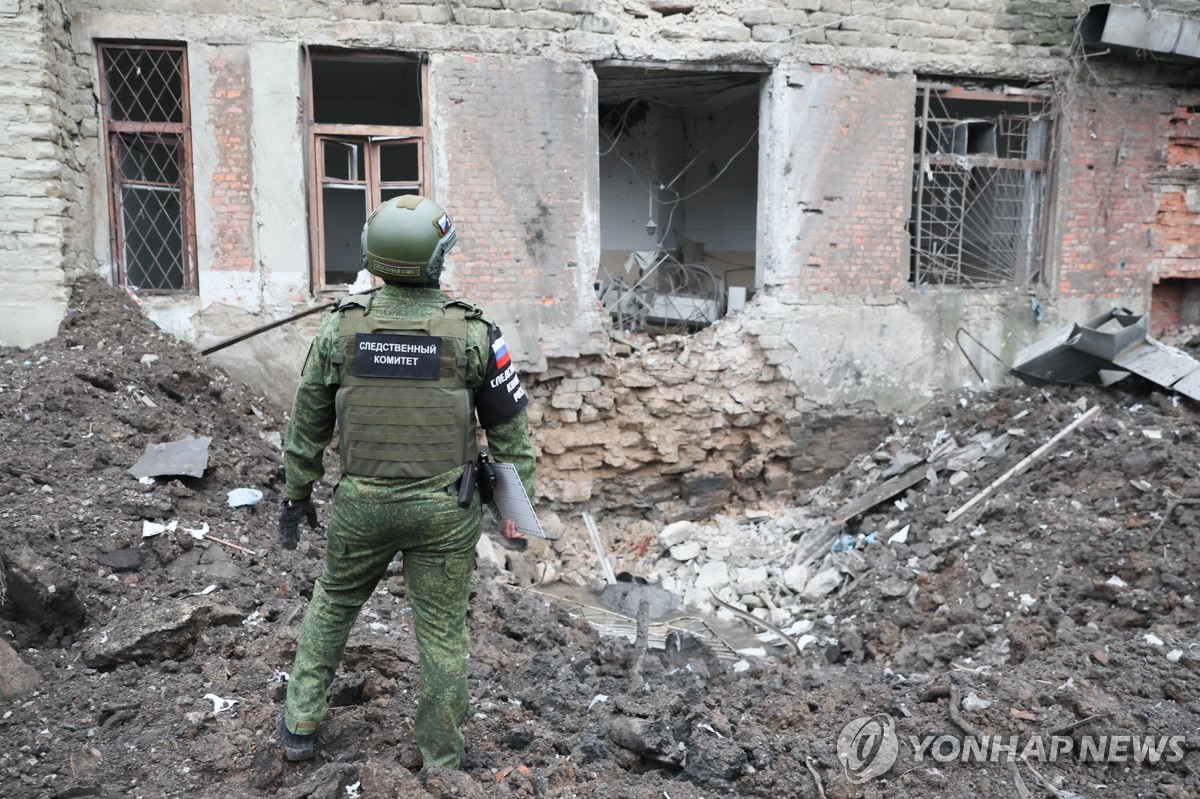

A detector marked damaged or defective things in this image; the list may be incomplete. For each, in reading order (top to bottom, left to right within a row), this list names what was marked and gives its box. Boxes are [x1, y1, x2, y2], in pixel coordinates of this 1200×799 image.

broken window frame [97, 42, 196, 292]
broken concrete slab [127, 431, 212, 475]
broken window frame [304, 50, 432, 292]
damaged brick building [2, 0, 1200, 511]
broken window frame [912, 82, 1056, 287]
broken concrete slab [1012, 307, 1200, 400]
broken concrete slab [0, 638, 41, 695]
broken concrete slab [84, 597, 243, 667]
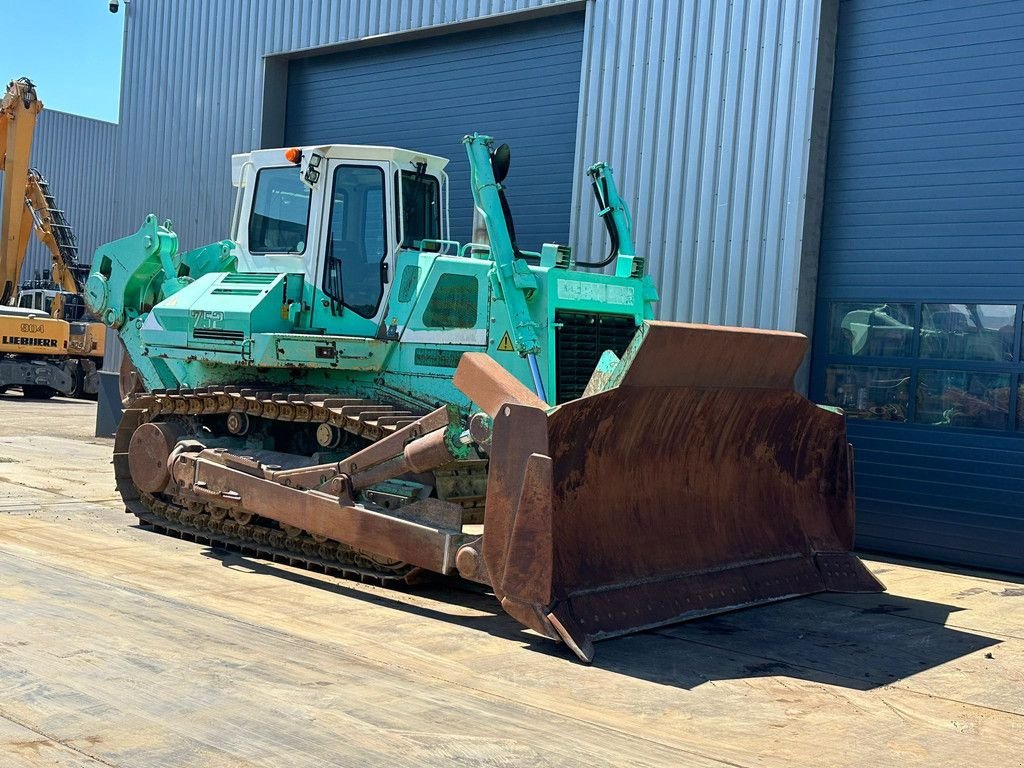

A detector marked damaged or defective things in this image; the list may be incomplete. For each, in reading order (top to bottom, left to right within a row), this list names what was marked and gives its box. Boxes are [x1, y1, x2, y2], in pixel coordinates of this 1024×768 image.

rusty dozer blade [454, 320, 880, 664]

■ ■ ■ ■ ■

- Task
Pictures stay out; all other material above is restated word for word.

- Solution below
A detector marked damaged or defective things in this image; the list may be incomplete. For each, in reading order (top to bottom, left to right within a row), this list names what was marked and gives its box. Boxes are [x1, y1, x2, y2], in pixel coordinates of this 1200×799 image.

broken window frame [97, 42, 196, 292]
broken concrete slab [127, 431, 212, 475]
broken window frame [304, 50, 432, 292]
damaged brick building [2, 0, 1200, 511]
broken window frame [912, 82, 1056, 287]
broken concrete slab [1012, 307, 1200, 400]
broken concrete slab [0, 638, 41, 695]
broken concrete slab [84, 597, 243, 667]

A detector marked damaged or defective things in this image; the list may be incomplete. For each, in reading order (top to bottom, left to right within a row), this list names what was marked and gives its box. Boxes are [x1, y1, x2, y2], in pixel coordinates of this 1024×768 image.

rusty dozer blade [454, 320, 880, 664]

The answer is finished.